Problem is, it’s very difficult to get people to pay attention to what’s coming, and we gradually lose interest in new things as we age, preferring to rely on experience than learn new tricks. I remember listening to two old ladies on the bus moaning about the imminent decimalisation of British money. One of them said: ‘they should wait until all the old people are dead’.
We also forget that in our youth we ran rough-shod over the time-honoured ways of our parents and grandparents, laughing at Aspidistras, Victorian Social norms, celebrating the empire, and playing the National Anthem in cinemas. We ripped up tramlines, made it impossible for children to play in the street, insisted on wearing car seat-belts, replaced High Street shops with out-of-town hypermarkets, closed all the Banks, pointed out tobacco was far from harmless, allowed Sunday trading, and got rid of steam engines, nice compartmented carriages and most of the railway network. Then we demolished about a million factory chimneys, blasted motorways through Dingley Dell, and are well on the way to eliminating cash money.
In the late 60’s the GPO had advanced plans for modernising their very mixed system, almost all of it Copper based, with a mass of electromechanical switching, much of it antique. The cost was too much for a tax-cutting government, who in effect privatised the GPO so that the money could be raised privately. Thereafter, during the 1970s and 80s, the telephone network was digitised, and most of the backbone copper was replaced by fibre. A good deal of what Chris is noticing now started 40 years ago, and it wasn’t a secret!
Today what’s left of the old Copper system lies between the local exchange and the consumer, largely because it was cheaper at the time to reuse existing boxes, poles, trunking, and old phones rather than do a big bang upgrade. Thus most consumers weren’t aware that anything had changed, because their end of the system was much the same.
Not the end of the story!. Copper is not good for the consumers who wanted to connect to the internet, at first a rare breed, now almost everyone on the planet! This led to yet more major changes in the telephone back-end, including telephony becoming a junior service on a general purpose telecommunications network, ‘the internet’. There’s not much difference between telephone, streaming, web, email, or any of the other comms services using the backbone. The characteristics of the telephone service aren’t conditioned by copper technology; it’s better understood as just another internet service.
Now, the copper part of the BT system is a downright embarrassment.

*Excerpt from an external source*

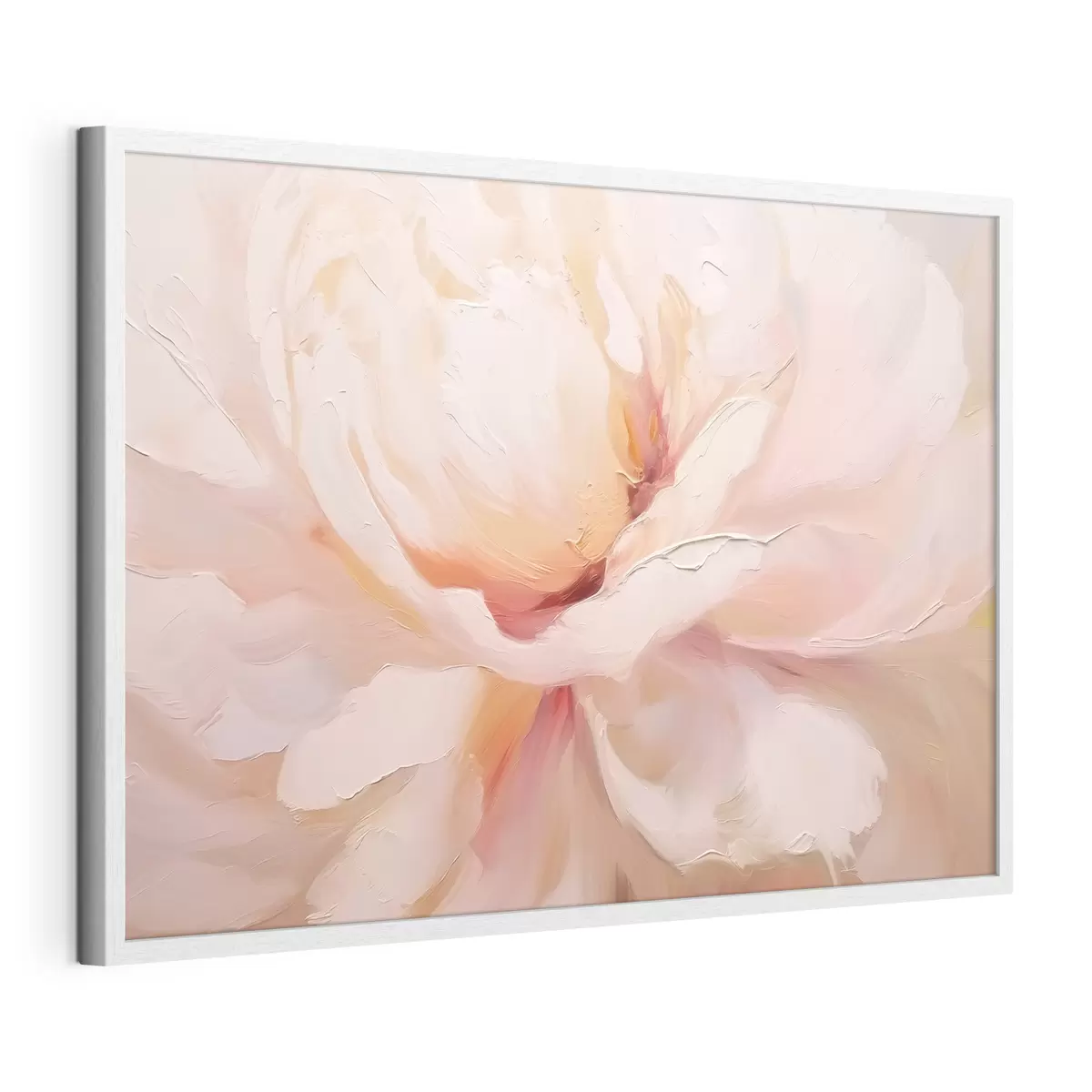 Poster Close-up van een roze bloem f46723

It’s slow, noisy, high-maintenance and requires special adaptors in the exchange to connect it to the real-world. A better solution is to extend general purpose telecommunications directly into the home, ideally using fibre, because this improves the services most people want, making them faster, cheaper, and more reliable. Downside is the old easy to understand landline phone is replaced by a complicated box of tricks, most of which I don’t need, with a complicated manual, and a proportion of installations will go wrong – more hassle!
Getting rid of the Copper is also likely to change old features, like the way local numbers are dialled, because the new system simply doesn’t work that way. For example, the old ‘bring bring’ ring tone was generated by the exchange pulsing 70V down the line, originally into an electric bell, these days a sounder. The new system simply sends the phone a ‘start ringing’ message and the phone provides the noises. Like a mobile phone, the user can probably personalise the ring tone to be whatever he wants. Unfortunately, that requires understanding the manual and wading through some sort of horrible menu to make the changes.

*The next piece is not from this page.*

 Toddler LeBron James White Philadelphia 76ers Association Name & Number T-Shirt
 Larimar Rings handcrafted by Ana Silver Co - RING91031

Young people positively enjoy setting up new toys, and they are the majority. Sadly, old folk who just want to be left in peace have to cope with change too. Whilst I hate it, change is unavoidable so I try hard to take advantage of it, and certainly not let it get to me. The worst thing the elderly can do for society is to fight progress. It’s because doing so merely extends the agony, and leaves the young with a complicated muddle to sort out when we are long gone. Metrication is a good example: by allowing Imperial and Metric to coexist, the UK created the worst of both worlds, one in which Engineers had to convert between two systems, which was error prone, and costly to support. Keeping an inch trained workforce happy during the 1960s put the whole of British industry at a competitive disadvantage, and was one of the reasons so many British manufacturing companies bit the dust over next 40 years. Better in the long run for metrication to have been forced through, and the same is probably true of most other technical developments.